New evidence has emerged in the investigation into the death of São Paulo midfielder Daniel Correa, whose semi-decapitated and castrated body was discovered in a wooded area in Sao José dos Pinhais a week ago.
The main suspect, Edson Brittes Júnior - who has been detained and apparently confessed to killing Correa - said that he had acted after finding the 24-year-old in a bedroom in his residence attempting to rape his wife, Cristiana.
The events took place at the family home of Brittes, his wife and their 18-year-old daughter Allana, both of whom have also been arrested on suspicion of participating in the crime.

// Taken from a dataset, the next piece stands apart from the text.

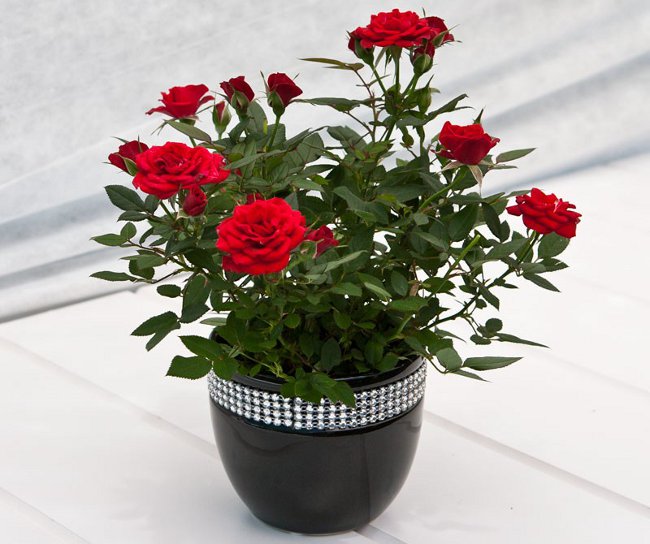 Rose mājās: aprūpe un saturs Rose mājās: aprūpe un saturs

Correa had been invited to a party at a nightclub in Curitiba to celebrate Allana’s 18th birthday and was among a group of people who went to the Brittes residence in suburban Sao José dos Pinhais afterwards. It was there that investigators believe Correa received a blow to the head and was placed in the boot of a car before being “tortured” and killed.

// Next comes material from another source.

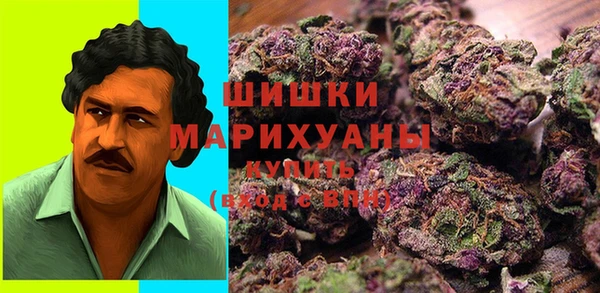 apvp Верея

In an apparent confession on Brazilian television, Brittes said he had simply “done what any man would do” when confronted by a scene he described during the interview: “I knocked on the door to my room and when I opened it he was on top of my wife and she was screaming and begging for help.”
Correa suspect makes no reference to rape allegation in phone call
However, investigators have now recovered a telephone conversation Brittes had hours after Correa’s death in which he described the “devastation” wrought on the family by the news but during which makes no mention of the alleged attempted rape he reported to police after his arrest.
“Allana was such a good friend [of Correa’s] that he came here just for her birthday. He was very fond of my daughter, you can imagine. He came a long way just for the party and everybody liked him,” Brittes says in the recovered conversation, which was obtained by Brazilian new outlet UOL. “I can hardly talk about it. My daughter is in shock. Jesus, I had to give her a tranquiliser…”
Brittes went on to say that Correa had left the house earlier and he didn’t know where he had gone. “Nobody knows what happened. You know how big my property is. He went outside and the door was open because there were more people coming in. He was very drunk. He was crazy, absolutely hammered. He could hardly stand up.”
Investigators are still looking into the case and are seeking three unidentified people who arrived at Brittes’ house at the same time as the primary suspect. His wife and daughter remain in custody for questioning.